- WORK TO BE COMPLETED
Starting at the top of the records, output every line through the one that contains "Imagini cu LA", keeping each exactly as it appears.

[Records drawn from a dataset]

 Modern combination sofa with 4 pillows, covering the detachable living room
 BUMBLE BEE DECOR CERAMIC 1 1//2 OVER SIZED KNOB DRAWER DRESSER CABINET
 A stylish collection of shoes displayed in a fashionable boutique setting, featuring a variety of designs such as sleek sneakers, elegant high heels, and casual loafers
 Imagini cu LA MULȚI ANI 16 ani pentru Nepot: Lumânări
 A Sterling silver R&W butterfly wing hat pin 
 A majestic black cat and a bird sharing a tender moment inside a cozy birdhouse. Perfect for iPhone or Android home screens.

- EXPECTED ANSWER
 Modern combination sofa with 4 pillows, covering the detachable living room
 BUMBLE BEE DECOR CERAMIC 1 1//2 OVER SIZED KNOB DRAWER DRESSER CABINET
 A stylish collection of shoes displayed in a fashionable boutique setting, featuring a variety of designs such as sleek sneakers, elegant high heels, and casual loafers
 Imagini cu LA MULȚI ANI 16 ani pentru Nepot: Lumânări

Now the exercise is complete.